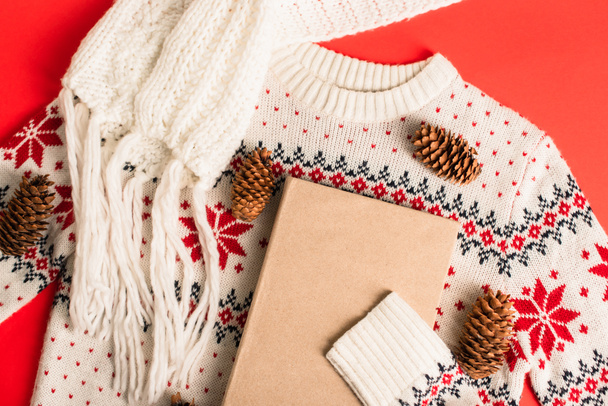 top view of book near pine cones on knitted sweater and red background - Fotó, kép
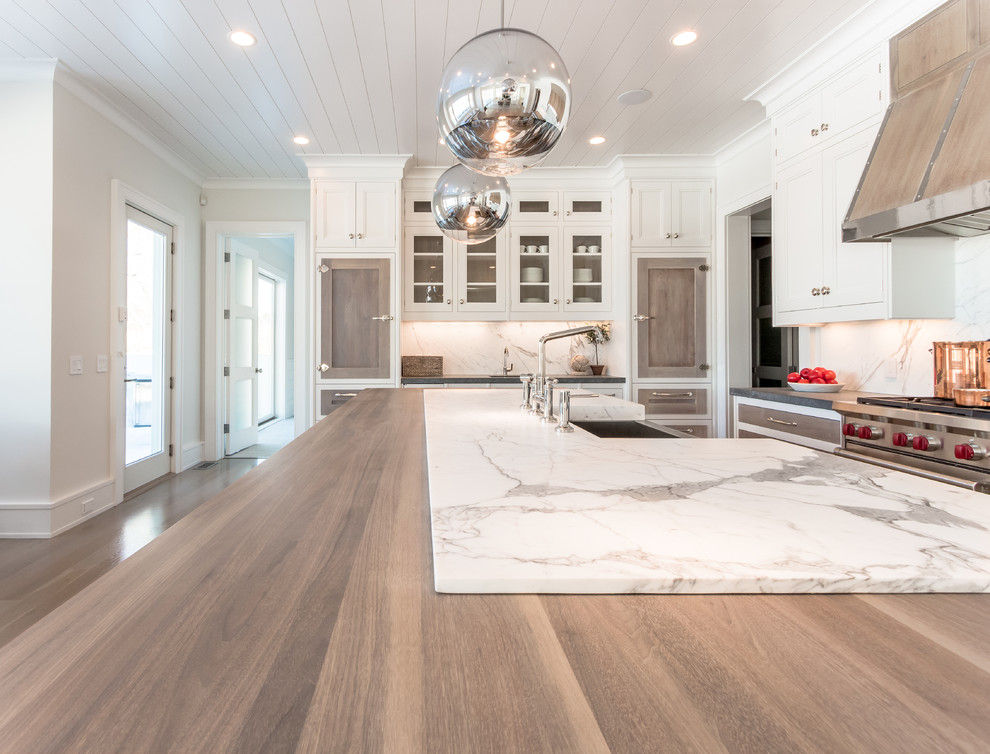 Inspiration for a large beach style l-shaped kitchen in Other with a farmhouse sink, white splashback, stainless steel appliances, light hardwood floors and with island.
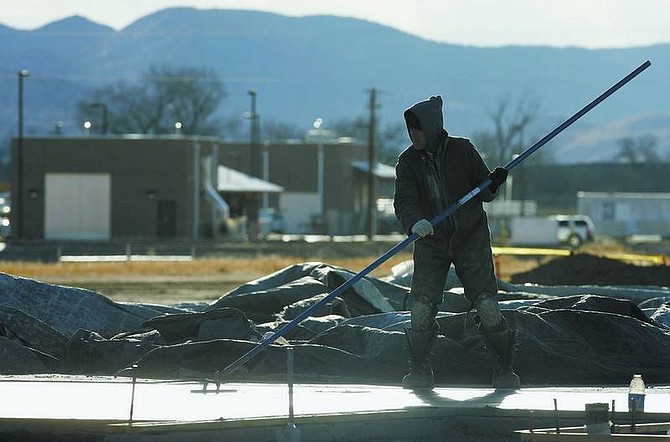 Chad Lundquist/Nevada Appeal A construction worker smoothes concrete at the site of the new elementary school in the Riverpark development in Dayton on Tuesday. The new school is located east of the Rolling A Wastewater Treatment plant.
····················
PROBLEM TO WORK ON:
Each line from the one that holds "Inspiration for a" through the end of the material should be repeated exactly, and nothing more. Leave out any picture.

SOLUTION:
 Inspiration for a large beach style l-shaped kitchen in Other with a farmhouse sink, white splashback, stainless steel appliances, light hardwood floors and with island.
 Chad Lundquist/Nevada Appeal A construction worker smoothes concrete at the site of the new elementary school in the Riverpark development in Dayton on Tuesday. The new school is located east of the Rolling A Wastewater Treatment plant.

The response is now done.